Good luck with the sale.


----------



## On a Call (Jan 14, 2015)

Texas trucks rock
Nice find


----------



## Randall Ave (Oct 29, 2014)

Mark Oomkes said:


> Beautiful truck!
> 
> Good luck with the sale.


If it was only green.


----------



## Mark Oomkes (Dec 10, 2000)

Randall Ave said:


> If it was only green.


Todd will tell me it is.


----------



## Defcon 5 (Mar 20, 2014)

Mark Oomkes said:


> Todd will tell me it is.


I will????


----------



## shawn_ (Jan 19, 2014)

If only she was automatic!


----------



## Freshwater (Feb 28, 2014)

Looks new. Price is very fair too.


----------



## Mike_PS (Feb 28, 2005)

alright guys, it's a for sale thread...if not interested in buying then no need to post


----------



## 1olddogtwo (Aug 6, 2007)

What is NKY?


----------



## Randall Ave (Oct 29, 2014)

1olddogtwo said:


> What is NKY?


My guess is North Kentucky. Wasn't someone here recently looking for a flatbed?


----------



## 1olddogtwo (Aug 6, 2007)

Randall Ave said:


> My guess is North Kentucky. Wasn't someone here recently looking for a flatbed?

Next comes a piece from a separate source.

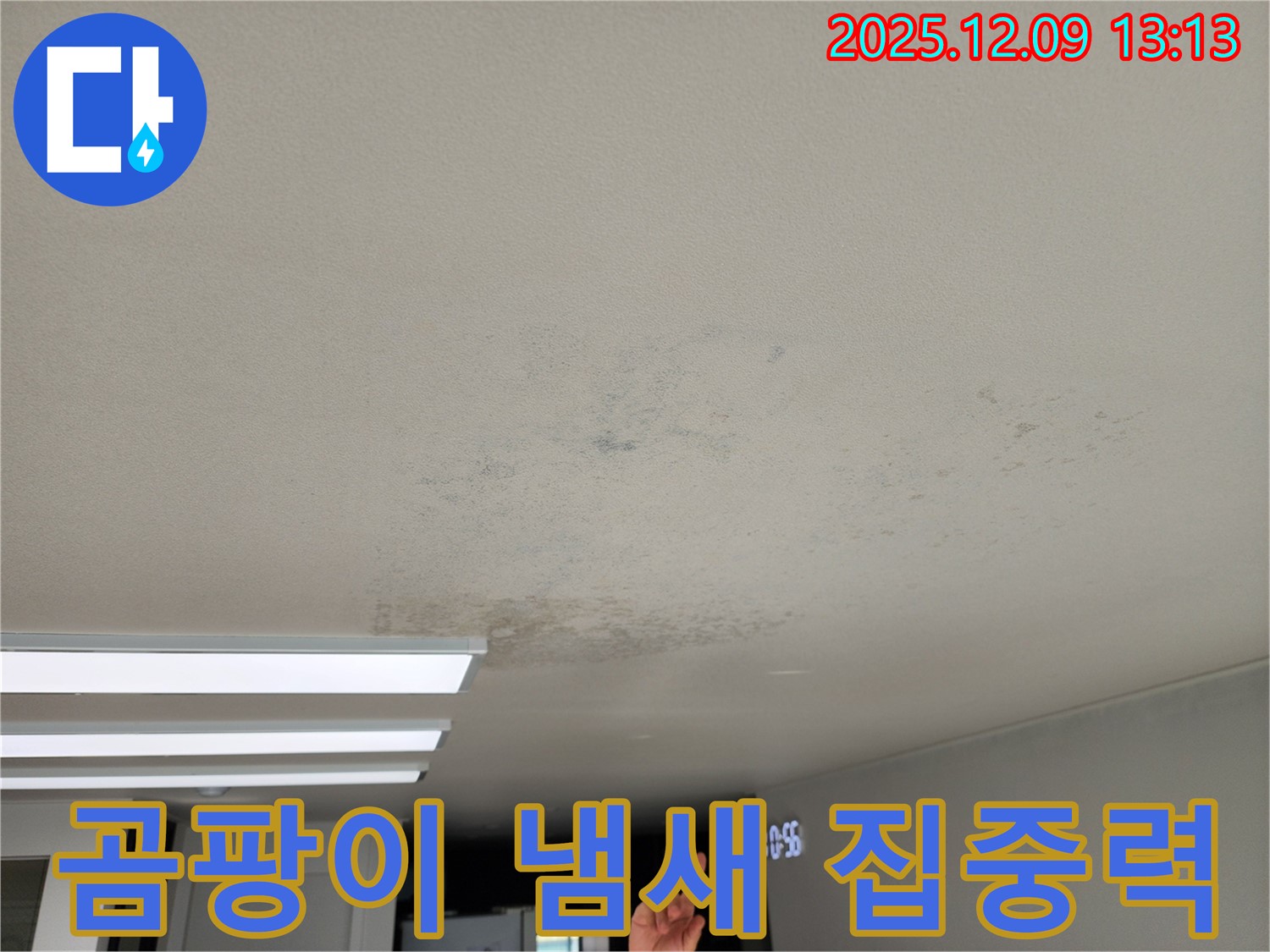 포천시 영중면 - 곰팡이 냄새, 집중력 저하 유발하는 천장 누수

I was.....just in sommerset Ky picking up a new 45ft 37.5K gooseneck trailer....last wed/Thursday.


----------



## Freshwater (Feb 28, 2014)

Randall Ave said:


> My guess is North Kentucky. Wasn't someone here recently looking for a flatbed?


I was looking for a 6.5 footer for a pickup. We were looking at ways to split Phil's up.


----------



## FredG (Oct 15, 2012)

Randall Ave said:


> If it was only green.


Ya green and a Mopar, End of sale.


----------



## Mark Oomkes (Dec 10, 2000)

FredG said:


> Ya green and a Mopar, End of sale.


Orange is the new green.

Free bump for a beautiful truck.


----------



## 98Chevy2500 (Nov 27, 2005)

1olddogtwo said:


> I was.....just in sommerset Ky picking up a new 45ft 37.5K gooseneck trailer....last wed/Thursday.
> 
> View attachment 180274
> 
> ...


Hope the neck stays attached....gator doesn't have the best reputation around here for quality


----------